PD Editorial: Let’s not stifle the debate on affordable housing
Asked about the housing crunch in Sonoma County four years ago, then-Gov. Jerry Brown was characteristically blunt.
“The problem,” he said, “is you don’t want housing up there.”
Brown’s remark triggered a lively debate. One of those who disagreed most vehemently with the governor was Rohnert Park Councilman Jake Mackenzie.
“The governor can’t tell us we aren’t interested in housing,” Mackenzie said. “We bloody well are.”
At the time, Rohnert Park was on the front end of its biggest building boom in two decades.
In January, with housing still in short supply in the Bay Area and across the state, Mackenzie’s colleagues on the Rohnert Park City Council stripped him of two prestigious appointments because he signed a regional housing compact in his role as chairman of the Metropolitan Transportation Commission.
Soon afterward, a committee of Sonoma County mayors and city council members signaled their intention to remove Mackenzie from the MTC, where he has served since 2008, even though no one else had applied for the job.

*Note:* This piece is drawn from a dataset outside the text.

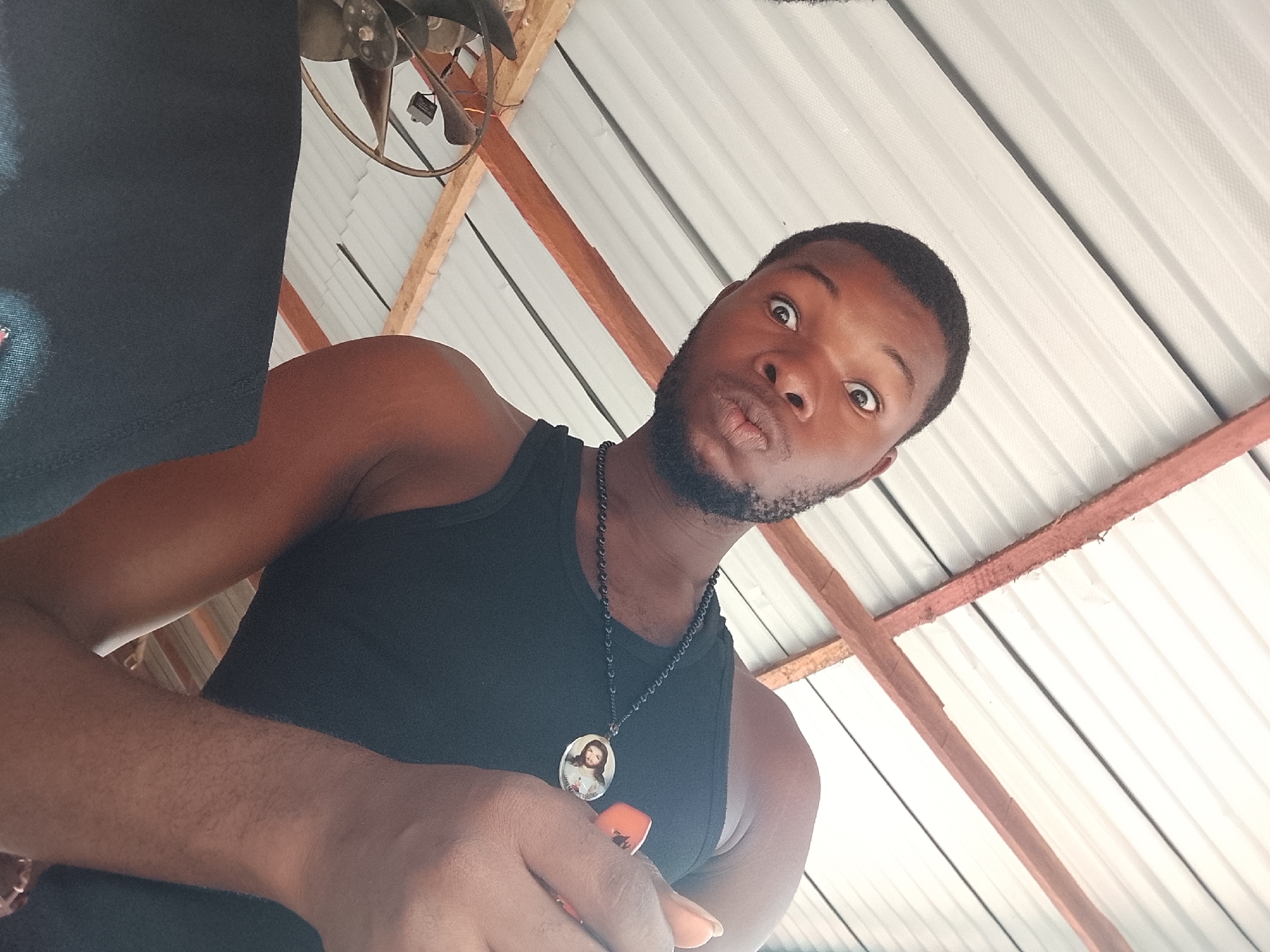 A low-angle selfie captures a young man with dark skin, a beard, and a mustache, making a humorous expression with wide-open eyes and pursed lips, looking directly at the camera. He is wearing a black tank top. Around his neck, he sports a black beaded necklace with a silver oval pendant. The pendant features an image, likely of Jesus Christ, depicted with long hair, a halo, and a red garment. His right hand, positioned in the foreground, holds an object that appears to be a phone with an orange case. The background consists of a bright, white corrugated metal ceiling supported by wooden beams. An old, industrial-style ceiling fan is partially visible in the upper left corner of the frame. The bright, even lighting suggests the photo was taken during the daytime in what appears to be a covered outdoor space or a simple indoor structure. There is no visible text in the image.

By themselves, these acts don’t prove that Brown was right about Sonoma County and housing.
But they demonstrate just how difficult it is to systematically address the problem of high prices and short supply in the Bay Area housing market.
Mackenzie was one of two local elected officials who signed what’s known as the CASA compact, which was put together by elected officials from throughout the Bay Area, working in conjunction with transit officials, major employers and others. The other local signer was Supervisor David Rabbitt. Santa Rosa Councilwoman Julie Combs serves on the steering committee but hasn't signed the compact.
CASA doesn’t obligate any local jurisdiction, but it was offered as a framework for state legislation to facilitate development of affordable housing, including multi-story buildings, along certain Bay Area transit corridors, including SMART. Other provisions of the 10-point compact include a cap on rent increases, restrictions on evictions and taxes to subsidize affordable housing. All of them would require legislative approval; some would require voter approval.
The goal is a better balance between the creation of housing and jobs. Since 2010, the Bay Area has added 722,000 new jobs but just 106,000 housing units.
New jobs are usually popular, but housing plans often into stiff opposition from neighbors and their elected representatives.
“If we had a food crisis in the Bay Area, famine, we would take drastic actions,” Rabbitt said. “If we have a health crisis, if we had an epidemic, we would take drastic actions. We have a housing crisis, and everyone looks to everyone else to solve it. And no one wants to step up — ‘I have my house. I don’t have a crisis.’ There’s a lot of that.”
Recent legislative attempts to force cities and counties to approve more housing have failed, with local governments vigorously defending local control. Additional bills, some of them reflecting the CASA compact, are likely to be presented in Sacramento this year.
Gov. Gavin Newsom, who campaigned on housing, has suggested reducing gas tax payments to jurisdictions that miss housing quotas. His administration recently filed suit against Huntington Beach for failing to set aside land for affordable housing — a stark contrast to Brown signing legislation granting Marin County an exemption through 2028.
Some of these are controversial ideas. We’re not ready to endorse the CASA compact, but if local elected officials are prepared to fire one of their own before these ideas are even subjected to legislative hearings, then maybe Brown was right about Sonoma County and housing. We hope that’s not the case.